The need to be world-class
Now coming to the question of ‘Indian institutes becoming world-class’, it must be said that it is a vague concept questionable on several counts, particularly in its application to India. Many institutions in India are world-class in teaching, if not in research and publication. Those who do world-class rankings depend on criteria which are questionable. This is not to condemn or discredit the process or to say that Indian institutions should not aspire to become world-class even according to those standards. It is necessary to understand the issue in context and give consideration to national priorities of access and equity and appreciate constraints of resources for higher education and research.
Universities across the world, which are termed as ‘world-class’, without exception have enjoyed complete freedom without interference from the government and other regulatory bodies on academic and administrative decision-making. In India, if the IITs, IIMs and National Law Universities could show relative academic excellence in their respective spheres, it is largely because of the autonomy they enjoyed in innovation, experimentation, and freedom from interference of governmental agencies in decision-making. As the Yashpal Committee report pointed out, “Universities are autonomous spaces free from political authority, religious dogma and economic compulsions where established ideas and practices could be freely challenged and uninhibited freedom to question would be recognised without fear of reprisal”.
What should be done
Yes, there are too many regulatory bodies supervising higher education in India with too little beneficial outcome. They tend to kill initiatives, corrupt organisations and delay decision-making. In the process of catching erring institutions with which they are pre-occupied, they put barriers on the development of meritorious ones. The Centre-State and private-public conflicts also impact their functioning.

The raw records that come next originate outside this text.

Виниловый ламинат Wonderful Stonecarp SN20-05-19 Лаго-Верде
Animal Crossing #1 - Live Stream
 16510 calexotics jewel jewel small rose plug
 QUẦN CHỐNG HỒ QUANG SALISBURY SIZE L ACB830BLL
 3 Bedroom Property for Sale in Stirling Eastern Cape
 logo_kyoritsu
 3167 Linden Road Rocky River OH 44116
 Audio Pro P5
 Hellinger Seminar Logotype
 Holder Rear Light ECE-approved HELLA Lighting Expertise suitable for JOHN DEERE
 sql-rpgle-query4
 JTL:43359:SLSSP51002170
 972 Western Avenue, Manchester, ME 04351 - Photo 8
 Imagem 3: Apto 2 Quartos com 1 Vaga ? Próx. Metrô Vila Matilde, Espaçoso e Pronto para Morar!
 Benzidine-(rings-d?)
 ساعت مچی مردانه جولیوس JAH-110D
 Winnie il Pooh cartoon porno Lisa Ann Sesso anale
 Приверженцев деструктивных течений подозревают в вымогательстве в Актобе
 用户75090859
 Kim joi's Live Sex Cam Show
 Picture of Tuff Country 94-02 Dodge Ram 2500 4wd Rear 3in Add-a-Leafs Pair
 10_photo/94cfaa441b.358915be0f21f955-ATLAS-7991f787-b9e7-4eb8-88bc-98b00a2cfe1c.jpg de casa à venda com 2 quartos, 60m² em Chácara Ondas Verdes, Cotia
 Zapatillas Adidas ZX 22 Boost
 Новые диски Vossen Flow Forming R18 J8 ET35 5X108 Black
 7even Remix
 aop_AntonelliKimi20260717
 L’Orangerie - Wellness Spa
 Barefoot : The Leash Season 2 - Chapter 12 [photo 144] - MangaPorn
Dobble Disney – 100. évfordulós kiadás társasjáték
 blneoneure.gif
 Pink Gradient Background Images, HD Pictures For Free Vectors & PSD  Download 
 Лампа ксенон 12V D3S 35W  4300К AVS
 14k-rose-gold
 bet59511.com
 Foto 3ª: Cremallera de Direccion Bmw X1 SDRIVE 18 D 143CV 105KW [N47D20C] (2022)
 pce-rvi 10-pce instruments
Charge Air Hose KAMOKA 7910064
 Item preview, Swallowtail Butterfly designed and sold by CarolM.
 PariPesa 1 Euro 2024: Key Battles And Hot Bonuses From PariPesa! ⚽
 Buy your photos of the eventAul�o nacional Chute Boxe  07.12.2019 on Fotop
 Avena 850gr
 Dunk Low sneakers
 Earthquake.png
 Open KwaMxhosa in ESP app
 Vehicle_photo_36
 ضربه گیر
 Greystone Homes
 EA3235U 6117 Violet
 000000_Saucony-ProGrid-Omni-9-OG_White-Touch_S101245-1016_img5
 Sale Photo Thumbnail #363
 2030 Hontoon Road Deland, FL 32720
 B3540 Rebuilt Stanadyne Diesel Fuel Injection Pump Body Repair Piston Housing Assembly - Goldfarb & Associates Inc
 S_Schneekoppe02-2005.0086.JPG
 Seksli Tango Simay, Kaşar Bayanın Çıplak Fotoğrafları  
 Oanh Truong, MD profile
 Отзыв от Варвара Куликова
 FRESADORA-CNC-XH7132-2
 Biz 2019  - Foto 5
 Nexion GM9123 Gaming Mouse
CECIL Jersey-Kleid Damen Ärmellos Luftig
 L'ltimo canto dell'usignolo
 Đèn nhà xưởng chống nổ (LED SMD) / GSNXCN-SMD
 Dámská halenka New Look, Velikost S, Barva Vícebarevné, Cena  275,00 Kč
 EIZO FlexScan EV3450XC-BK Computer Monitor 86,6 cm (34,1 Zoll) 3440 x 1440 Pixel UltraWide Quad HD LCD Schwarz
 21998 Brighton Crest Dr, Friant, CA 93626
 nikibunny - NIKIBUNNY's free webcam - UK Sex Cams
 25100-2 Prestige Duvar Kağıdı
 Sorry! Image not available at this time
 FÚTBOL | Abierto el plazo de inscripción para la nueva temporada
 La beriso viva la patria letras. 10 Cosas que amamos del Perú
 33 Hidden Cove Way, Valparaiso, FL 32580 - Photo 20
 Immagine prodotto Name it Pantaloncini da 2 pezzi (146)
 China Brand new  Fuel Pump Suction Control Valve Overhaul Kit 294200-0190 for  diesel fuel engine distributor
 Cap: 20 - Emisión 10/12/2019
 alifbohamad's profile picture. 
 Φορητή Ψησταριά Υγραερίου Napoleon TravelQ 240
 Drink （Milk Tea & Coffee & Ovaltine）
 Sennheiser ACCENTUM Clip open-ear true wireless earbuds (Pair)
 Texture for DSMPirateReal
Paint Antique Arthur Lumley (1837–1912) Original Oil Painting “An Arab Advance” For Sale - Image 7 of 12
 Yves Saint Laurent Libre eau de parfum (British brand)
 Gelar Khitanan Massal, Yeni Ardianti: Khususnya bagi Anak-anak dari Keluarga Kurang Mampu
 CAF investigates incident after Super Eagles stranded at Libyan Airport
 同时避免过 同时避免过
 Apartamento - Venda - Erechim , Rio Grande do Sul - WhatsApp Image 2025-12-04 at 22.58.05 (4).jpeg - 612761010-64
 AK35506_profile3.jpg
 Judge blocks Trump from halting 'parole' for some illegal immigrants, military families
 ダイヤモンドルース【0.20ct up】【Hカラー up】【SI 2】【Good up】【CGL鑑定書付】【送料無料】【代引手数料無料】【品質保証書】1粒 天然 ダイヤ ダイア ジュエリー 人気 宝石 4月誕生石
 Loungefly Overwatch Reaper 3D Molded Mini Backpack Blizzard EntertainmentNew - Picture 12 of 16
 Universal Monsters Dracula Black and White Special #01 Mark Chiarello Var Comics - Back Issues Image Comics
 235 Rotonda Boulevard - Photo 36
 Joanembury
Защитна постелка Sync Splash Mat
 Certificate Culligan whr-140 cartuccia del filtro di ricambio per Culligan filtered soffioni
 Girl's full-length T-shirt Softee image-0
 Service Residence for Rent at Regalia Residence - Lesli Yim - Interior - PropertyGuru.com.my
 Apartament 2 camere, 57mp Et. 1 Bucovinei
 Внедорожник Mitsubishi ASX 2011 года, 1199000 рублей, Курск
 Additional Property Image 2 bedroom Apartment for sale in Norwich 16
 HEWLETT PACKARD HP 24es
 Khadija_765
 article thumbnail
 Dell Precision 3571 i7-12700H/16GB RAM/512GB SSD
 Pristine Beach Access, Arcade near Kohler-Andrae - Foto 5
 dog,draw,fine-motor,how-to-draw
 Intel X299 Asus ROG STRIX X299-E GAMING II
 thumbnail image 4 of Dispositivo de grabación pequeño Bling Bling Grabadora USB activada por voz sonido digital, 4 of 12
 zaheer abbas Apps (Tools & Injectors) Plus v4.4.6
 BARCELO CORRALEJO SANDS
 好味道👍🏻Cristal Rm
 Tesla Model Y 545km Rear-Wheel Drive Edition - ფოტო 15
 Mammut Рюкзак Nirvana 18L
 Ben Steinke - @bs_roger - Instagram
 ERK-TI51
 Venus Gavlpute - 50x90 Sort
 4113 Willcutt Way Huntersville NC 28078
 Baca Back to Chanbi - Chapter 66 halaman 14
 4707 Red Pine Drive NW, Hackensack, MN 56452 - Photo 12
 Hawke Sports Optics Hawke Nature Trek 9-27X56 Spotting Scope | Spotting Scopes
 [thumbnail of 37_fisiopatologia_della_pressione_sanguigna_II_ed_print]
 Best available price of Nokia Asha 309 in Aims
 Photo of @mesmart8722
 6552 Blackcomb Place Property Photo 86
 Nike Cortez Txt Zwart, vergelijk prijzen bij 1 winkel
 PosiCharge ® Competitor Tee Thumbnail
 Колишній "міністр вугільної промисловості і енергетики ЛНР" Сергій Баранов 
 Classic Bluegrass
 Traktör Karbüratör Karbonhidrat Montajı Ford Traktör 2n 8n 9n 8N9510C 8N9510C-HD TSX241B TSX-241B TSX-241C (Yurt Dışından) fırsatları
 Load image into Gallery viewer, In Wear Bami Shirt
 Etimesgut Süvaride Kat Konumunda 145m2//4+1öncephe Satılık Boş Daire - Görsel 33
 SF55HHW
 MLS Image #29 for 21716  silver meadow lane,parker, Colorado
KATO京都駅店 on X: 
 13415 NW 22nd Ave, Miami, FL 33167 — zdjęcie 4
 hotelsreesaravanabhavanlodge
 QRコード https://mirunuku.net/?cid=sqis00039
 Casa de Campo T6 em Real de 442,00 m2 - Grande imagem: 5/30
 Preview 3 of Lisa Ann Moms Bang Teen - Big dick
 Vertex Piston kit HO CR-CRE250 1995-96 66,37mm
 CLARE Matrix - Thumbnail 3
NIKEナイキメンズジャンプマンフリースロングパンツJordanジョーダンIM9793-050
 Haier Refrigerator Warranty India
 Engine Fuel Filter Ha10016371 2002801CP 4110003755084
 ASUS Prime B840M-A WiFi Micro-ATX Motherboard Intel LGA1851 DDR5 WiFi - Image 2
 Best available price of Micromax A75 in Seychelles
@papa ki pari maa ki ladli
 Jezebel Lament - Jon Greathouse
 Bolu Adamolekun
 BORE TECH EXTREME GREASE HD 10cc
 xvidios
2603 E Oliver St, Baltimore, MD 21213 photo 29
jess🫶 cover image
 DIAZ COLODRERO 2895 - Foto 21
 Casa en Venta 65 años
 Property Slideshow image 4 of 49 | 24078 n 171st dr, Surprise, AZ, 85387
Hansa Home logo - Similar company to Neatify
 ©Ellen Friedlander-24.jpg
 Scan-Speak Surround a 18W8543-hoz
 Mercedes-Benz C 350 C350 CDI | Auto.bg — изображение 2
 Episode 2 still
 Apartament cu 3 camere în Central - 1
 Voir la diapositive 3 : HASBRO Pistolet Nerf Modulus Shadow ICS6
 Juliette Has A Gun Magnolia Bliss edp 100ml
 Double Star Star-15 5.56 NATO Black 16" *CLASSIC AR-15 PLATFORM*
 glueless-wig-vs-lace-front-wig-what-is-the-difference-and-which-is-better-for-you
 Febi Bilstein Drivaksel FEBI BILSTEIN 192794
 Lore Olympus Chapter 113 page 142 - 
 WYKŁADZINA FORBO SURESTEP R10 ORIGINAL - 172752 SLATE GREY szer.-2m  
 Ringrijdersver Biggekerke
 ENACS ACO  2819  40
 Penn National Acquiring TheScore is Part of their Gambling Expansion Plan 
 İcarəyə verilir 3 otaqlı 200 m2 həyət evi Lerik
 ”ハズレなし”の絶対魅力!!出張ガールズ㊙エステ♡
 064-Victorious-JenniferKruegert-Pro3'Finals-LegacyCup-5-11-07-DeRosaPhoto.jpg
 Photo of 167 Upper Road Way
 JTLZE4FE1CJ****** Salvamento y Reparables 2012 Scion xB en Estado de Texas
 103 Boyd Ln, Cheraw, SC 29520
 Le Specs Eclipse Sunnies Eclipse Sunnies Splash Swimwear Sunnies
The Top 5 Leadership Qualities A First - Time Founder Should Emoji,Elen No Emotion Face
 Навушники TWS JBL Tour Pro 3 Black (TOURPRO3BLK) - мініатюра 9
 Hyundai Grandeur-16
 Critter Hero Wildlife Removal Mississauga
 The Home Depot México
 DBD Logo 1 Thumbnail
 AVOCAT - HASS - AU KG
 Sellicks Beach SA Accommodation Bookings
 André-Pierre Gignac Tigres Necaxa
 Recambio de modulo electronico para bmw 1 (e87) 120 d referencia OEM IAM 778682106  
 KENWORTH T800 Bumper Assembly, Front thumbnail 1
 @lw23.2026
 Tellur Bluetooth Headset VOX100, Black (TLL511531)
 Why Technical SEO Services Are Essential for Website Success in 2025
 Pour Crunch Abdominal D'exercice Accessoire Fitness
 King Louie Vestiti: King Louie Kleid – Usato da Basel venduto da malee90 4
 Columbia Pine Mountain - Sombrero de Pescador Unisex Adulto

I believe the policies contained in the two Bills pending in Parliament — the national Accreditation Regulatory Authority Bill and the Unfair Practices (Control and Prohibition) Bill (2010) — are welcome initiatives. While putting down unfair practices with a heavy hand in student interest, the legislative proposals enable higher education institutions to compete for academic excellence, recognising good practices and fresh initiatives in innovation and creativity. The Universities for Research and Innovation Bill (2012) is also another step in the right direction.